Local voice AI agent with hybrid memory using n8n — looking for feedback

Hi everyone,

I’m experimenting with a local-first voice AI agent using n8n.

The current setup uses:

  • Python script for audio input/output

  • local STT and TTS services

  • n8n for the workflow

  • PostgreSQL for structured memory

  • pgvector for semantic long-term memory

  • LM Studio for local LLM inference

The loop is already working end-to-end:

voice input → STT → n8n → PostgreSQL/pgvector memory → local LLM → TTS → voice output

It still feels more like a voice-enabled chat than a natural real-time conversation, so I’m now working on latency, memory retrieval quality, context filtering, and observability.

I’ve documented the prototype here:

It is still a WorkInProgress, but I’d love feedback from the community, especially around workflow structure, hybrid memory patterns, pgvector retrieval. There is so much to improve and learn! :smiley:

Thanks!

Nice project. I would look at this as two separate problems: the realtime turn loop and the memory/observability layer.

For the turn loop, I would first measure every stage separately:

- audio capture → STT latency

- n8n workflow execution time

- memory retrieval time

- local LLM time to first token and full response

- TTS start time and full audio generation

That usually shows whether the system feels like a chat because of orchestration delay, model delay, or TTS delay. n8n is great as the orchestrator, but I would avoid putting anything slow or optional in the critical path of a voice turn.

For hybrid memory, I would keep three memory layers instead of one big retrieval step:

1. short rolling conversation buffer

2. structured state in Postgres, for stable facts/preferences/tasks

3. semantic recall from pgvector, with a small top_k and source/type tags

Then add a filter step before the LLM: which memories are actually relevant to this turn, and why? Logging that decision is very useful when the agent starts recalling odd context.

For observability, I would add a correlation_id per voice turn and write one row per stage with status, duration, and error. That makes it much easier to debug partial failures like “STT worked, memory retrieval worked, but TTS failed” without reading full private transcripts.

One design detail I would consider: write long-term memory after the response is generated, not before. That reduces the chance of noisy intermediate thoughts or failed turns getting stored as durable memory.

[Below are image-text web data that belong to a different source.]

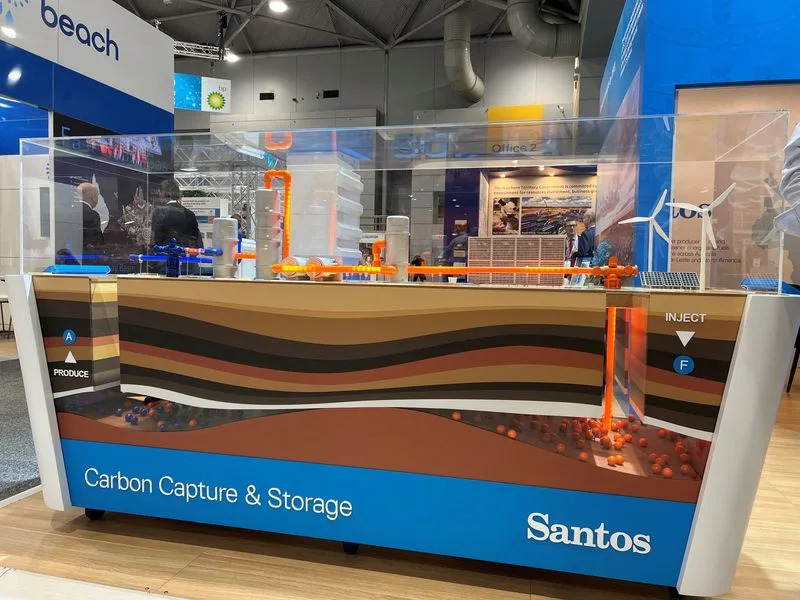 FILE PHOTO: View of a model of carbon capture and storage designed by Santos Ltd, at the Australian Petroleum Production and Exploration Association conference in Brisbane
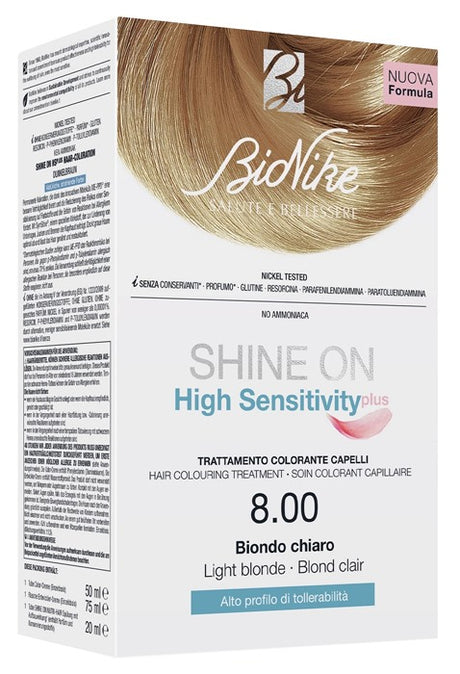 i c i m bionike internation shine on high sensitivity plus biondo chiaro 800 rivelatore in crema 75 ml crema colorante 50 ml bionike ean 8029041169868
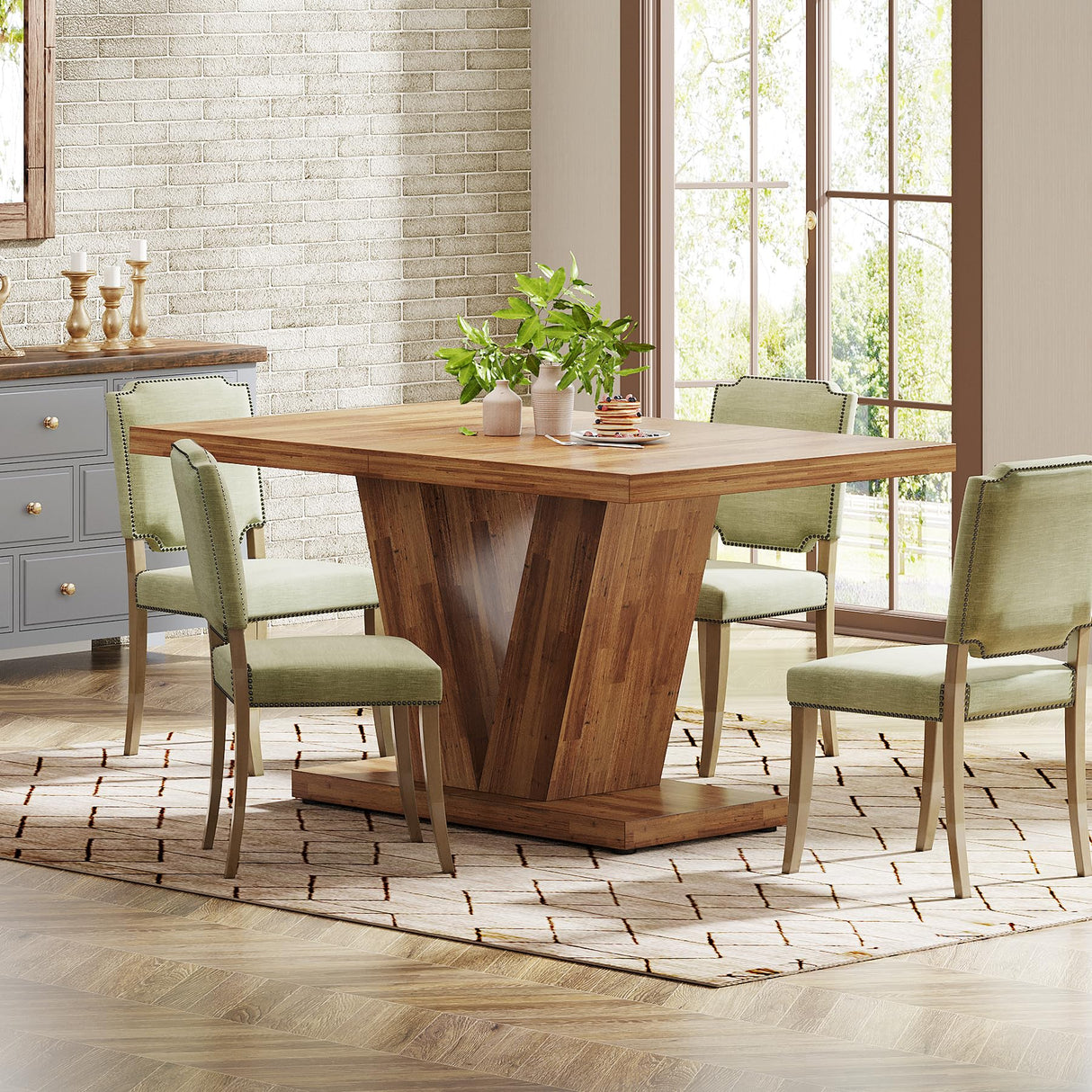 Tribesigns 47-Inch Dining Table for 4, Walnut Brown Kitchen Dinner Table with Heavy Duty Pedestal, Farmhouse Wooden Eating Table for Home, Dining Room, Small Space Tribesigns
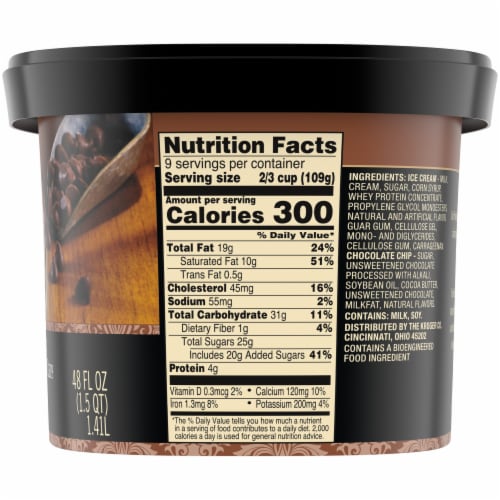 Private Selection® Semi-Sweet Chocolate Chip Ice Cream Tub Perspective: top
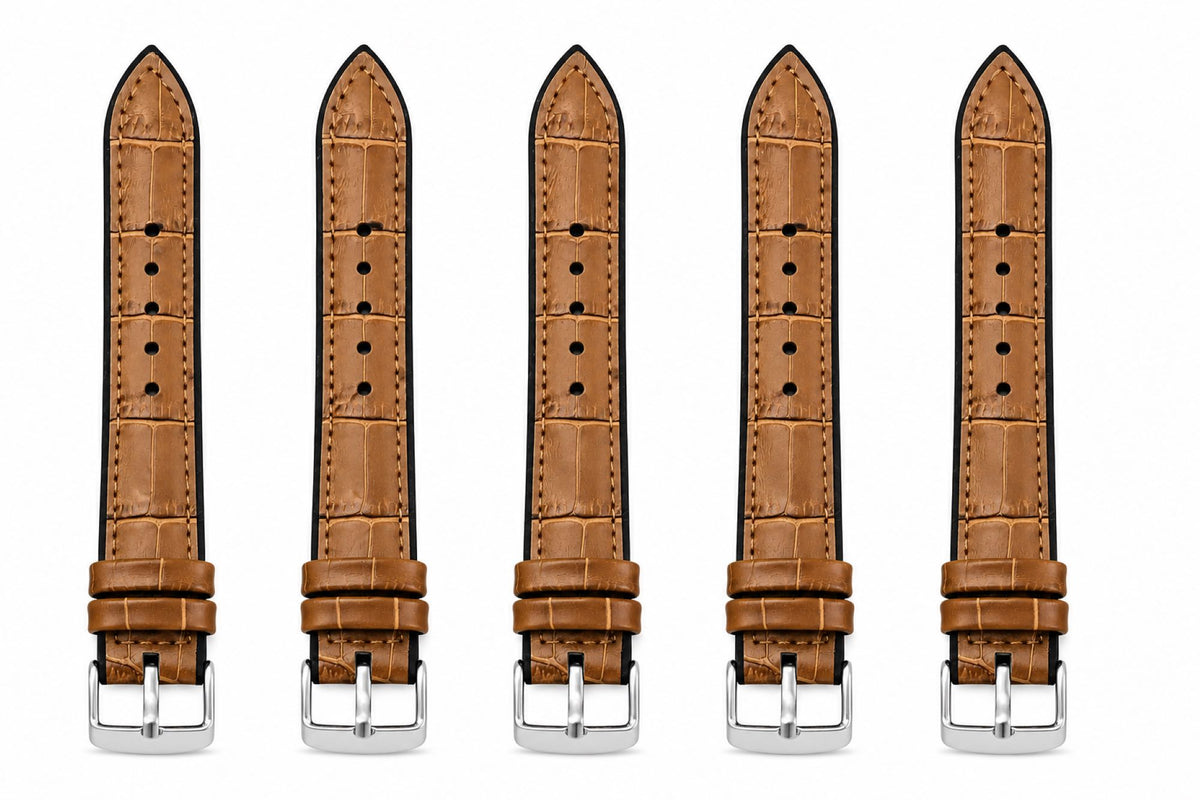 Leather & Rubber Hybrid Watch Replacement Band Compatible with Omega x Swatch MoonSwatch 20mm, Brown/Black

The combo of pgvector for semantic recall + PostgreSQL structured memory is a solid foundation for this kind of agent. One thing worth thinking about on the latency side: for short-context turns (e.g. follow-up questions where the user is clearly continuing from the last exchange), you could skip the pgvector retrieval entirely and just use the rolling buffer. The semantic lookup adds meaningful latency and often isn’t needed when the context is already fresh in the window.

Thank you for the comments!
I have already teste parallel processing the memory store and the TTS response, but setting it behind the response might be more efficient as you say.
At the minute the system works one round (user-response) everytime, since I wanted to make it work first. Now I will focus on the conversation loop process and improve processing time. The current time does not feel too long, like waiting but it is not a real-time conversation yet.

Thank you for your help!

Thank you for the tip! I will have it in consideration!